▶ **TASK DESCRIPTION**:
What is needed here is an exact repetition of the records below, beginning at the line that has "L'Eden des Sorcières T03" and stopping after the line that has "Grouping of Planters".

▶ **DATA SHOWN**:
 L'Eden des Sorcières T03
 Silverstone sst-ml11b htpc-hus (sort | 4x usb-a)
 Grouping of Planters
* * *
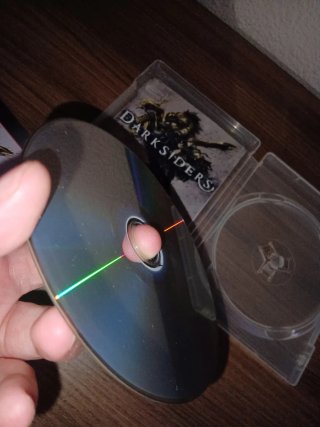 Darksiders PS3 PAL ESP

▶ **WRITTEN REPLY**:
 L'Eden des Sorcières T03
 Silverstone sst-ml11b htpc-hus (sort | 4x usb-a)
 Grouping of Planters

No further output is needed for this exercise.